Elon Musk Biography Reveals Tesla’s Cutting-Edge Approach to Full Self-Driving v12 Development
Isaacson's Book Unveils Tesla's Shift to AI-Powered FSD v12 and Regulatory Challenges Ahead
Walter Isaacson’s highly anticipated biography of Elon Musk is poised for release on Tuesday, and a new preview of the book offers intriguing insights into Tesla’s development of the upcoming Full Self-Driving (FSD) version 12.
In a recent CNBC preview of his Musk biography, Isaacson delves into the pivotal role of artificial intelligence (AI) in the evolution of Tesla’s FSD v12, marking a significant shift that unfolded over the last several months. Isaacson underscores how Tesla’s approach to the impending FSD v12 has veered away from the conventional “rules-based” methodology.

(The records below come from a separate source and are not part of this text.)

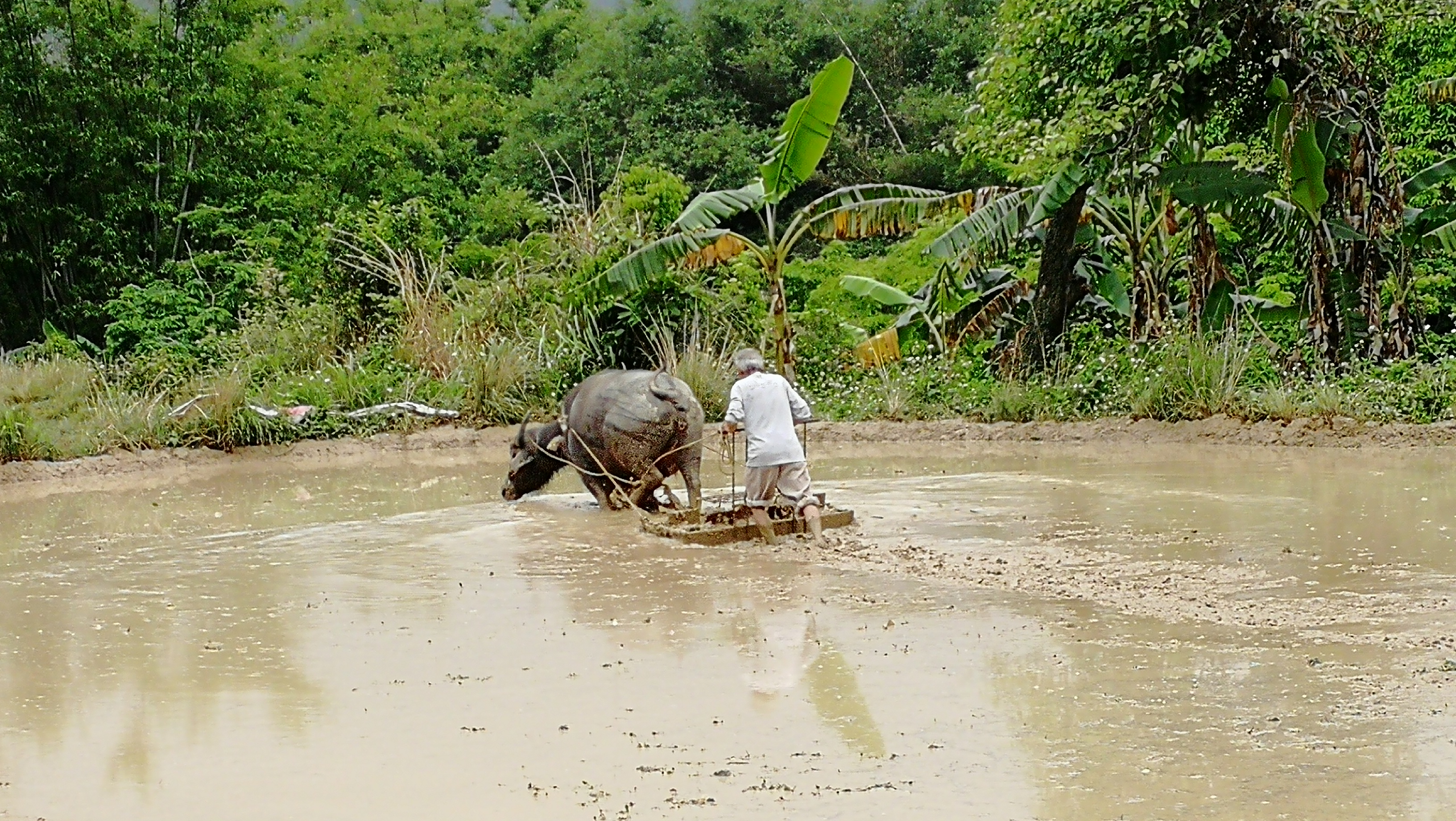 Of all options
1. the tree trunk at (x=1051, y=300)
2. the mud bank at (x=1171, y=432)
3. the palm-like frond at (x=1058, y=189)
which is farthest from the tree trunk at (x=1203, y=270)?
the mud bank at (x=1171, y=432)

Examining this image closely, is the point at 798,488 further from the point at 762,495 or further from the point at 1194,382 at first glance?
the point at 1194,382

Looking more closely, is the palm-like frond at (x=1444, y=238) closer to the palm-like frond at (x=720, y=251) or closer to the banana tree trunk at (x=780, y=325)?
the banana tree trunk at (x=780, y=325)

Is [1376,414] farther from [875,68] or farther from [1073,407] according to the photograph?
[875,68]

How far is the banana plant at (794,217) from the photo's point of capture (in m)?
18.4

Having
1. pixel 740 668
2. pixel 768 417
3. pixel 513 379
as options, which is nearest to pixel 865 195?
pixel 513 379

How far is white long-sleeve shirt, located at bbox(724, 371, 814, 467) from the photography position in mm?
11094

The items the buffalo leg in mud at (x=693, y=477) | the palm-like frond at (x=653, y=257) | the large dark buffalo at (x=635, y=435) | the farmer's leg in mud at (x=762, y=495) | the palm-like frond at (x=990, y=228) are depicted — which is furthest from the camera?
the palm-like frond at (x=653, y=257)

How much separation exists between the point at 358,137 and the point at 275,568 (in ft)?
72.4

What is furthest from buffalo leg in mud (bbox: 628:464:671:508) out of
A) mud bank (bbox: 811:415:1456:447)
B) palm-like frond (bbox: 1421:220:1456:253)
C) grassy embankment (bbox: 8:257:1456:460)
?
palm-like frond (bbox: 1421:220:1456:253)

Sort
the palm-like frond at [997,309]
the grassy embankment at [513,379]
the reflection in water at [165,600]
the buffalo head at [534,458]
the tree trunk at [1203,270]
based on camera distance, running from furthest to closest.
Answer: the palm-like frond at [997,309] → the tree trunk at [1203,270] → the grassy embankment at [513,379] → the buffalo head at [534,458] → the reflection in water at [165,600]

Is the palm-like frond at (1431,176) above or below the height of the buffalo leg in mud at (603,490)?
above

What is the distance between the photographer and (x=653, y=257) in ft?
62.7

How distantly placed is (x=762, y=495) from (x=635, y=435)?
149 centimetres

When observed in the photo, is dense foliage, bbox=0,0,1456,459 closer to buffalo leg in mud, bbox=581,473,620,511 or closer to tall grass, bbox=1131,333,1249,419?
tall grass, bbox=1131,333,1249,419
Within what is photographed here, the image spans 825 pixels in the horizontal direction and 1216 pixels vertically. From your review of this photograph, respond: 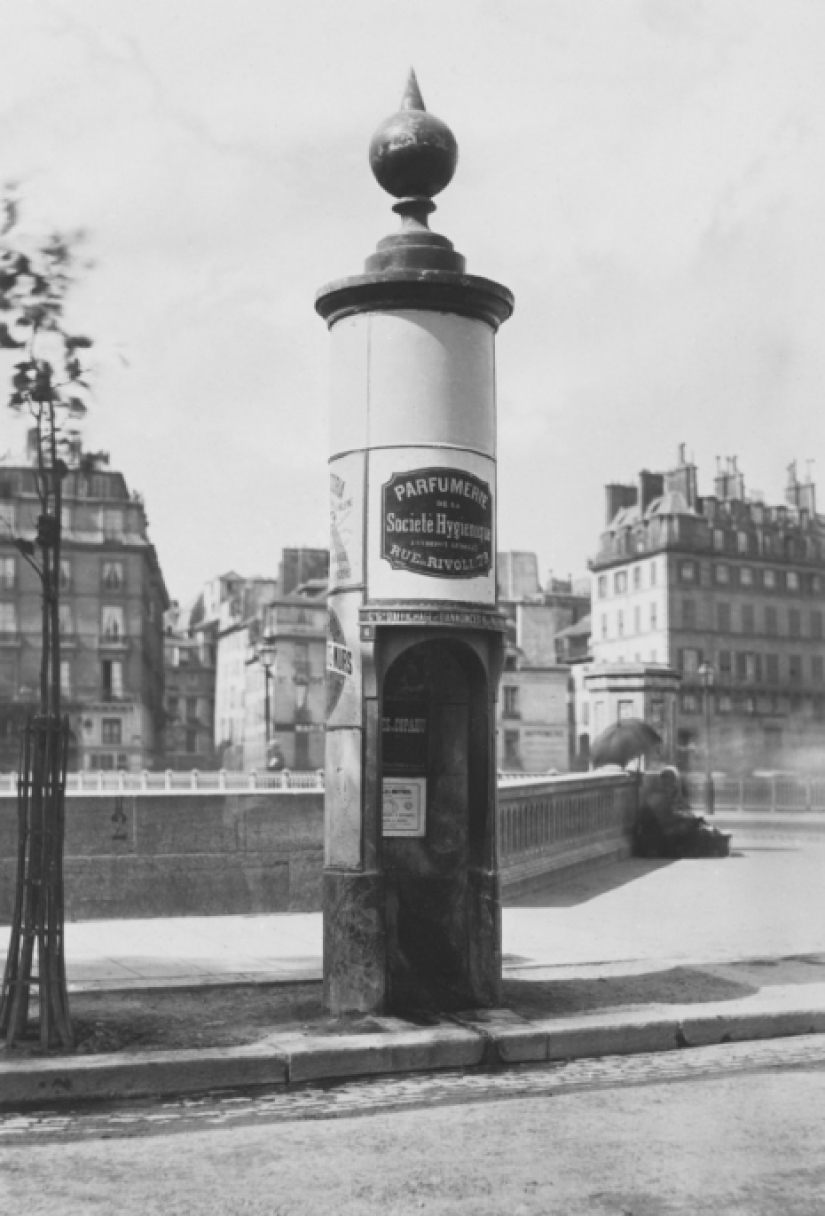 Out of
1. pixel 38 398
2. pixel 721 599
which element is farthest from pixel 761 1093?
pixel 721 599

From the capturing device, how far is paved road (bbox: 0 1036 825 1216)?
522 centimetres

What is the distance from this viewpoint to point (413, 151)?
866 cm

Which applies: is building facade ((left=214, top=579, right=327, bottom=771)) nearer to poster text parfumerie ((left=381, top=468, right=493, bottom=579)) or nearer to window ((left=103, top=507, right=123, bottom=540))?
window ((left=103, top=507, right=123, bottom=540))

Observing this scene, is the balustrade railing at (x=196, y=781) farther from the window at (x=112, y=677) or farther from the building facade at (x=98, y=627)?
the window at (x=112, y=677)

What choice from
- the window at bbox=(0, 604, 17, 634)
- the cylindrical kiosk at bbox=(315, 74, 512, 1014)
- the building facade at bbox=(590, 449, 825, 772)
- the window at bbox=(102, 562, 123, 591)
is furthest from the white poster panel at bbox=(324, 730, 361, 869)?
the building facade at bbox=(590, 449, 825, 772)

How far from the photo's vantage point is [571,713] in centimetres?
10719

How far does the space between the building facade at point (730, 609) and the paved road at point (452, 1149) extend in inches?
3306

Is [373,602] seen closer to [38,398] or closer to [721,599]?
[38,398]

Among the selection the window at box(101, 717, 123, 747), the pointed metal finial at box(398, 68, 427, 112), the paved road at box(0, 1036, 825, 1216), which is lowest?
the paved road at box(0, 1036, 825, 1216)

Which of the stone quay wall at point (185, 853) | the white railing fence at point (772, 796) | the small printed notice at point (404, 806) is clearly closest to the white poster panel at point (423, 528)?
the small printed notice at point (404, 806)

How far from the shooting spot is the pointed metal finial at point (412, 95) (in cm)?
882

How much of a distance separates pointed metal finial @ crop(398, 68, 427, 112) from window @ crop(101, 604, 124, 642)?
76.6 meters

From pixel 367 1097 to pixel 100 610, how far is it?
7915cm

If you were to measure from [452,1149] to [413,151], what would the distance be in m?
5.66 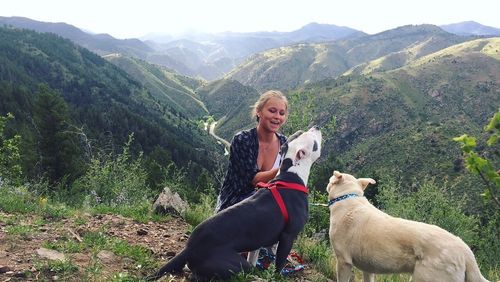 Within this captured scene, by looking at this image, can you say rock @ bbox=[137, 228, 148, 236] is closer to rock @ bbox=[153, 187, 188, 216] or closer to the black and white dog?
rock @ bbox=[153, 187, 188, 216]

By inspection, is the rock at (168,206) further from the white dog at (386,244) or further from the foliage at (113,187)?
the white dog at (386,244)

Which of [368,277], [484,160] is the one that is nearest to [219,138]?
[368,277]

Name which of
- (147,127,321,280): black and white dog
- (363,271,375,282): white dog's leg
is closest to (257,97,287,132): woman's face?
(147,127,321,280): black and white dog

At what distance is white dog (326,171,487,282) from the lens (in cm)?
348

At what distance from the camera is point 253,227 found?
4270mm

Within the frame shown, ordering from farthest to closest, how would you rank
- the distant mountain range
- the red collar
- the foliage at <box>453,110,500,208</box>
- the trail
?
the trail, the distant mountain range, the red collar, the foliage at <box>453,110,500,208</box>

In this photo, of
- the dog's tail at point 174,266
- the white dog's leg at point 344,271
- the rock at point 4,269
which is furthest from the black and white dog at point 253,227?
the rock at point 4,269

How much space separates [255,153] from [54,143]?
125 ft

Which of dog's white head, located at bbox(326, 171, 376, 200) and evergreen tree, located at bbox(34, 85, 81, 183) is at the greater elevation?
dog's white head, located at bbox(326, 171, 376, 200)

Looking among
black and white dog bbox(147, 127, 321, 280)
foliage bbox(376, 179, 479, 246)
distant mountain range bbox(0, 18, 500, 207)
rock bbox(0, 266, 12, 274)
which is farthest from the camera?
distant mountain range bbox(0, 18, 500, 207)

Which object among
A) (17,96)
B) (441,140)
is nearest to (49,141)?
(17,96)

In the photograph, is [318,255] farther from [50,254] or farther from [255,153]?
[50,254]

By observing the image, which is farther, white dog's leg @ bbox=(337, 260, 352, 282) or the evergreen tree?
the evergreen tree

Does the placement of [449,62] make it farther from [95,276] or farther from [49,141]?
[95,276] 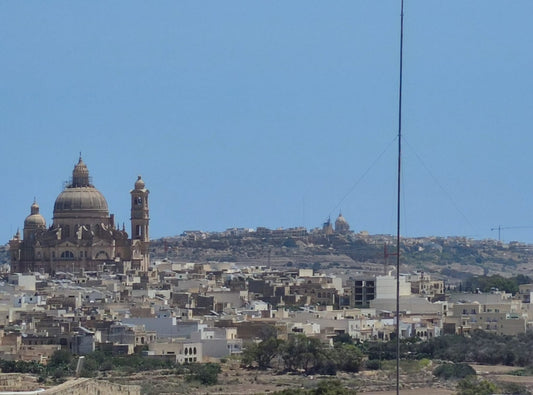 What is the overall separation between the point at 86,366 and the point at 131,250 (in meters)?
56.5

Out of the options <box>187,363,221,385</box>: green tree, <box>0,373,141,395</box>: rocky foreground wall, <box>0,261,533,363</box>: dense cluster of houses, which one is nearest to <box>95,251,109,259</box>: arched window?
<box>0,261,533,363</box>: dense cluster of houses

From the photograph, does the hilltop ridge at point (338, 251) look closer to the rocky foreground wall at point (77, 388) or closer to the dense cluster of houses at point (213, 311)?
the dense cluster of houses at point (213, 311)

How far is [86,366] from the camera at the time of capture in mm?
61031

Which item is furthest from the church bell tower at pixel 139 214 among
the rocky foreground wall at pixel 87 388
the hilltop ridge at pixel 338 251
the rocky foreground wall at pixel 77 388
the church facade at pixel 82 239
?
the rocky foreground wall at pixel 87 388

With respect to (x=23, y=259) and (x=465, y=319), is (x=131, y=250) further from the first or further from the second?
(x=465, y=319)

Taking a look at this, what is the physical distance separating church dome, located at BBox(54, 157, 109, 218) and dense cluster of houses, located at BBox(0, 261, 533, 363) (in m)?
10.2

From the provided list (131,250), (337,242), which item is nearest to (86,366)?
(131,250)

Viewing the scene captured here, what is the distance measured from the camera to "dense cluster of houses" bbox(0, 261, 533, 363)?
226 ft

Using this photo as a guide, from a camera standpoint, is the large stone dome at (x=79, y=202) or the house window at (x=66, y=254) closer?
the house window at (x=66, y=254)

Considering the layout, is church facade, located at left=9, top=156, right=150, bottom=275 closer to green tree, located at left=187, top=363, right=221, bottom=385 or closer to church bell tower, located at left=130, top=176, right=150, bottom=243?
church bell tower, located at left=130, top=176, right=150, bottom=243

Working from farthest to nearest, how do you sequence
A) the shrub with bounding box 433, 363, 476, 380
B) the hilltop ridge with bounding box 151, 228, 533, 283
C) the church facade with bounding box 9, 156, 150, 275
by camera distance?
the hilltop ridge with bounding box 151, 228, 533, 283, the church facade with bounding box 9, 156, 150, 275, the shrub with bounding box 433, 363, 476, 380

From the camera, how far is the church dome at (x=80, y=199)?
392 feet

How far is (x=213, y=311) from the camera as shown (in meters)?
83.9

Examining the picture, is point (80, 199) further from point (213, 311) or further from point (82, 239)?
point (213, 311) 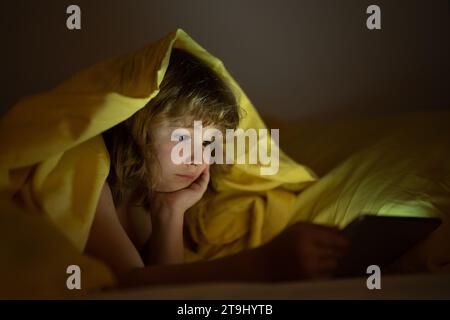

Notably, FSD v12 is slated to harness billions of real-world driving video frames to train its neural network, departing from the conventional approach that relied on thousands of lines of code in previous iterations. In a conversation with Elon Musk last December, Dhaval Shroff, a Tesla Autopilot employee, aptly likened this concept to ChatGPT but tailored for driving.
“It’s like ChatGPT, but for cars,” Shroff explained. “We process an enormous amount of data on how real human drivers acted in complex driving situations, and then we train a computer’s neural network to mimic that.”
Remarkably, Tesla’s transition to this “neural network planner” approach occurred relatively recently. By the onset of this year, however, the neural network had already analyzed 10 million video clips, derived from the best-case-scenario drivers the system had access to. Musk directed the employees at Tesla’s Buffalo, New York facility, responsible for scrutinizing the footage, to train the AI based on actions akin to “a five-star Uber driver.” Shifting from a rules-based to a network-path-based AI approach empowered FSD to utilize human driving data to navigate obstacles, even if it occasionally required bending a few rules. Shroff illustrated this shift using a demo featuring trash bins, debris, and upturned traffic cones, all of which the car handled remarkably well.
“Here’s what happens when we move from rules-based to network-path-based,” Shroff elucidated. “The car will never get into a collision if you turn this thing on, even in unstructured environments.”
Musk swiftly embraced the idea, as evidenced in a recent livestream showcasing Tesla’s FSD v12 software in Palo Alto, alongside Autopilot software director Ashok Elluswamy. Despite a minor incident where the car nearly ran a red light during the demonstration, Musk has consistently touted the forthcoming software version’s exceptional driving capabilities.
In any event, Musk contends that such moments highlight the necessity for self-driving software to continuously learn. Given its constant training on video data from real-world drivers’ cameras, it should theoretically become safer over time, according to Musk.
During its development, Musk also took note of the fact that it required over a million video clips for the neural network to start performing admirably. Nevertheless, he anticipates even more data will further enhance FSD’s performance.
However, critics and regulators remain apprehensive about the idea of human drivers training AI-based driving systems. The National Highway Traffic Safety Administration (NHTSA) has repeatedly raised concerns regarding Tesla’s Autopilot and FSD beta systems.
According to Isaacson, Tesla intends to release FSD v12 once it receives regulatory approval. Concurrently, the National Highway Safety Board is conducting an ongoing study to determine whether self-driving cars should be permitted to emulate human driving actions that occasionally defy traffic rules, such as edging forward at stop signs.
Musk expressed in April that he anticipates Tesla achieving full autonomy within a year. Nevertheless, he has been known to set ambitious targets for the software in the past.